**WHAT IS NEEDED:**
A faithful copy of the entries is required, with no images in it.

**INFORMATION:**
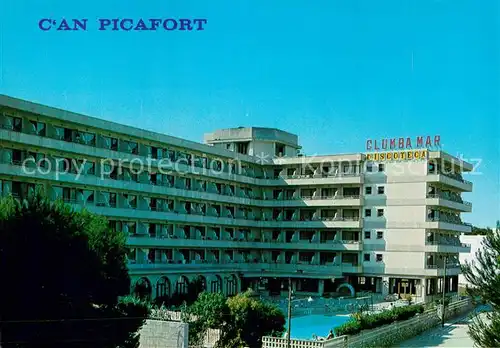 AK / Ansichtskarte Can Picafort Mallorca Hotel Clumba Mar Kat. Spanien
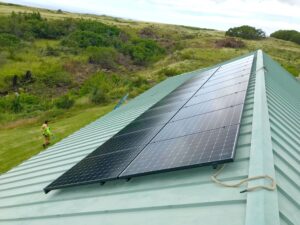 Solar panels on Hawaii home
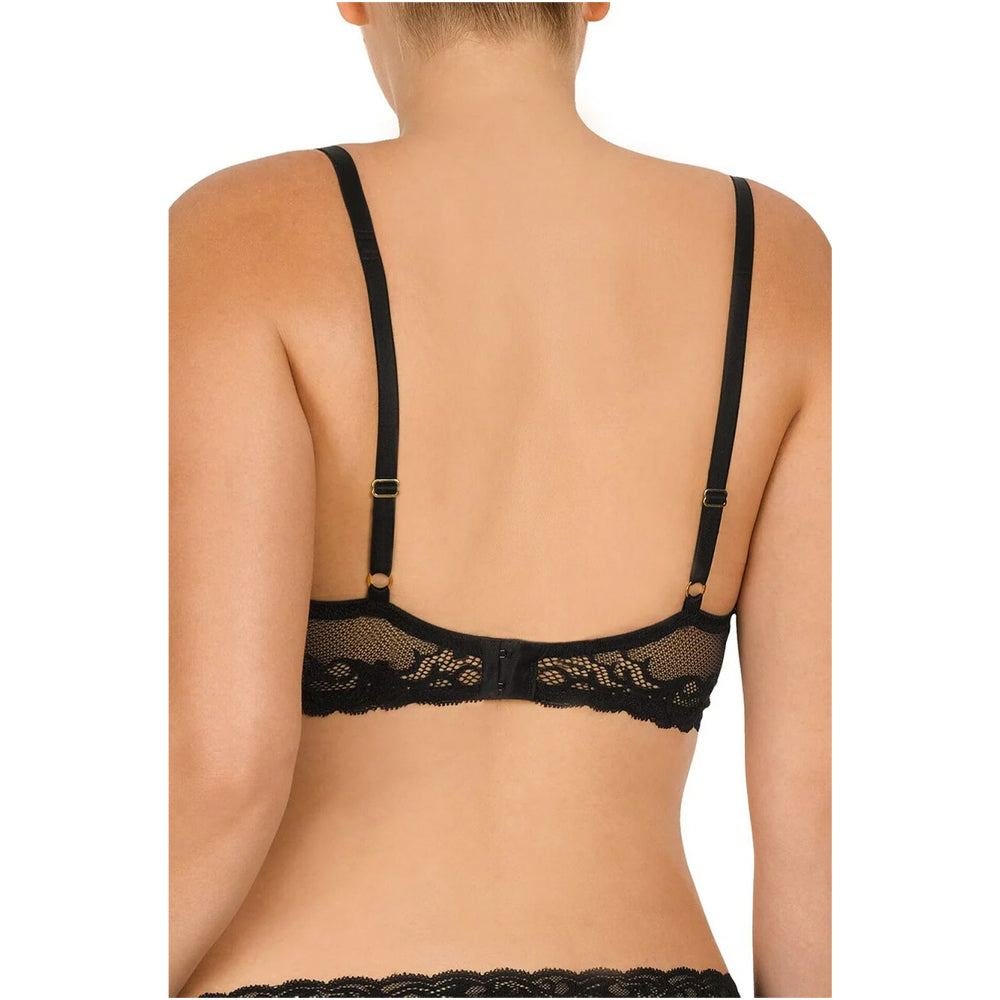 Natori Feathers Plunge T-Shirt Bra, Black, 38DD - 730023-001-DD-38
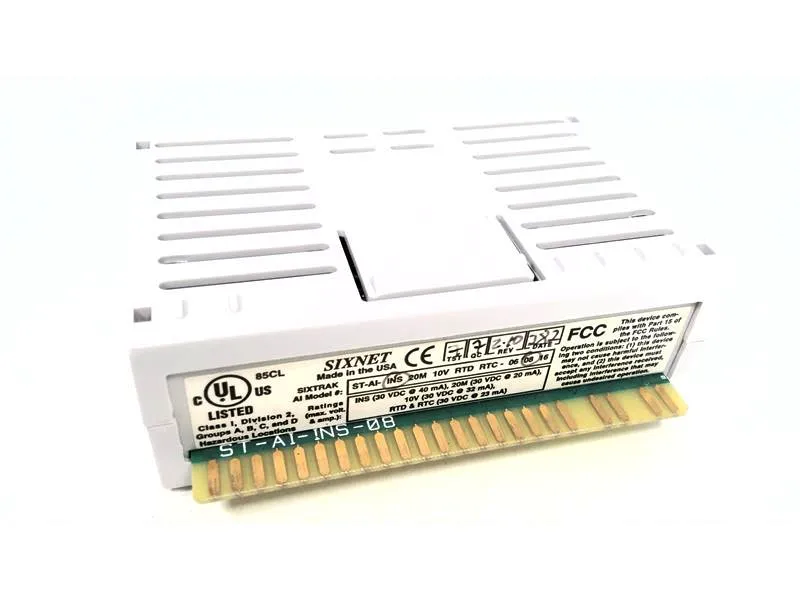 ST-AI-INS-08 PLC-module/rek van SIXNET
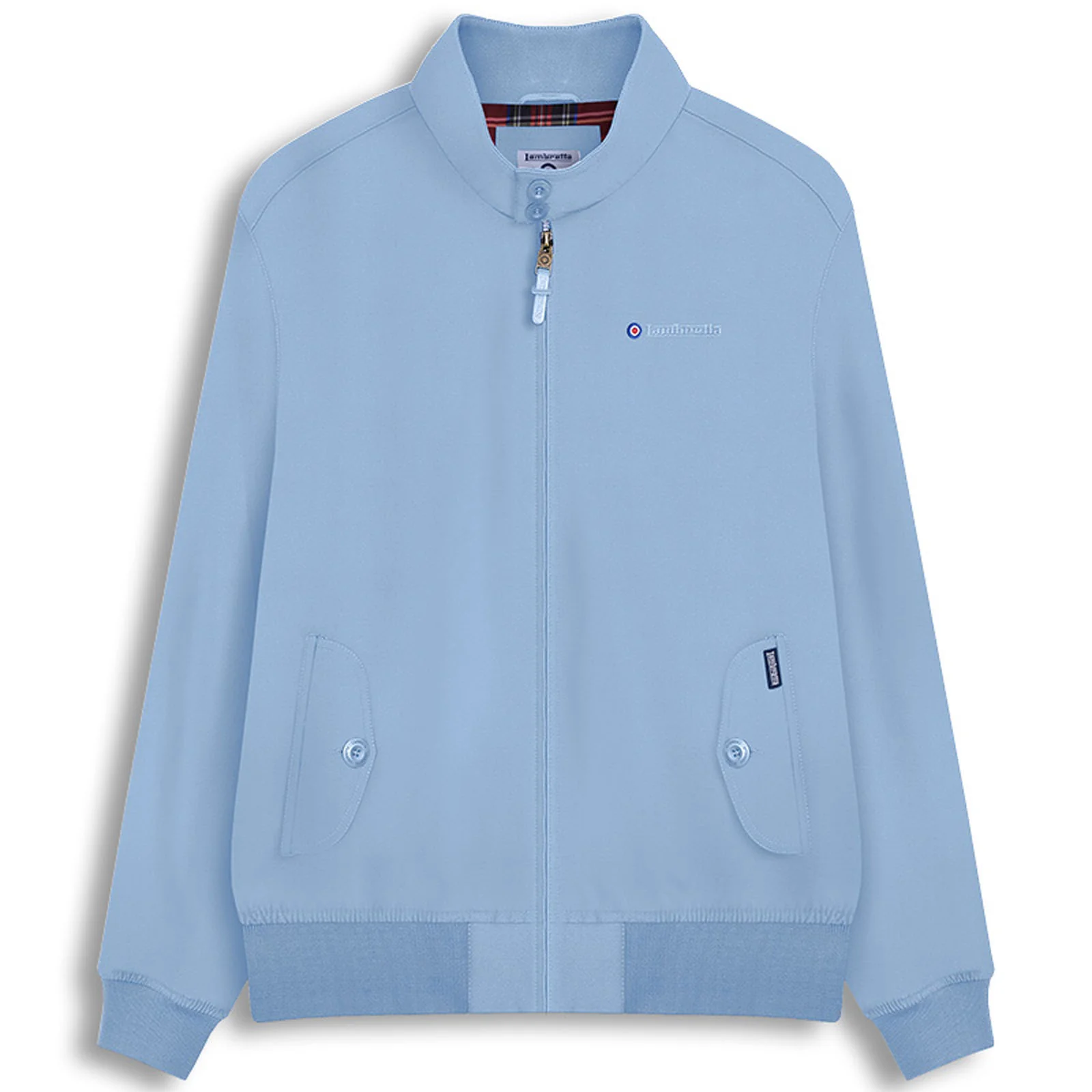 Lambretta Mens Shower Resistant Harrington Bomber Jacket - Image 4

**WRITTEN ANSWER:**
 AK / Ansichtskarte Can Picafort Mallorca Hotel Clumba Mar Kat. Spanien
 Solar panels on Hawaii home
 Natori Feathers Plunge T-Shirt Bra, Black, 38DD - 730023-001-DD-38
 ST-AI-INS-08 PLC-module/rek van SIXNET
 Lambretta Mens Shower Resistant Harrington Bomber Jacket - Image 4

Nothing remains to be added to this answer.